UN to stay on in E. Timor after independence

UNITED NATIONS (Reuters): The United Nations Security Council backed a strong international presence in East Timor after the territory becomes independent next year and told Indonesia to reign in armed gangs intimidating refugees.

The United Nations expects East Timor to declare independence at the "tail-end" of 2001, after elections for an assembly that is to draft and adopt a constitution, according to the UN administrator in the territory, Sergio Vieira de Mello.

In a statement read at a public meeting, the council stressed the "importance of further work on the transition to independence, including a timetable and mechanisms for a constitution and elections."

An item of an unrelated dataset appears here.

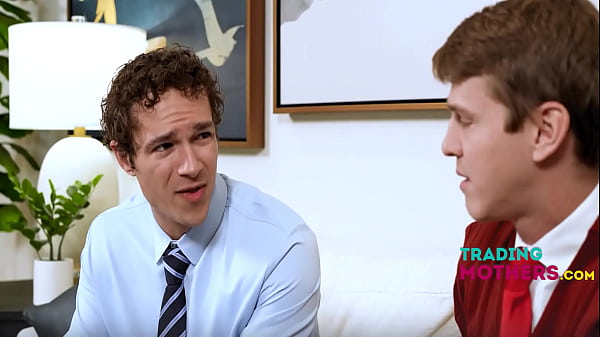 Stepsons Reunite Rival Journalist Stepmothers With An EXCHANGE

Endorsing recommendations by a council mission that went to the region last month, the statement said post-independence planning should start soon for a "strong international presence" to provide "financial, technical and security assistance."

The United Nations had been running the territory during its transition to independence August 1999 when East Timorese voted overwhelmingly to break from Indonesia, which invaded the former Portuguese colony in 1975.

To protest the vote, militia with Indonesian army support laid waste to the territory, killing and burning buildings to the ground. Tens of thousands of East Timorese fled or were herded across the border to the Indonesian western part of the island, where more than 100,000 of them remain.

The council called on Indonesia to take "decisive action" in disarming and disbanding the militia, now in West Timor, separating them from refugees and prosecuting those responsible for criminal acts, said the statement read by Russian ambassador Sergei Lavrov, this month's council president.

It welcomed the adoption of Indonesian legislation to establish ad hoc human rights tribunals for those accused of serious human rights abuses. But it underlined the need to bring to justice perpetrators of the rampage in East and West Timor and those who killed two UN peacekeepers and on Sept. 6 murdered three UN relief in West Timor.

The statement regretted "that those responsible for the murder of the peacekeepers have not been arrested" and called for "an early start" to trials of those accused of killing the humanitarian workers.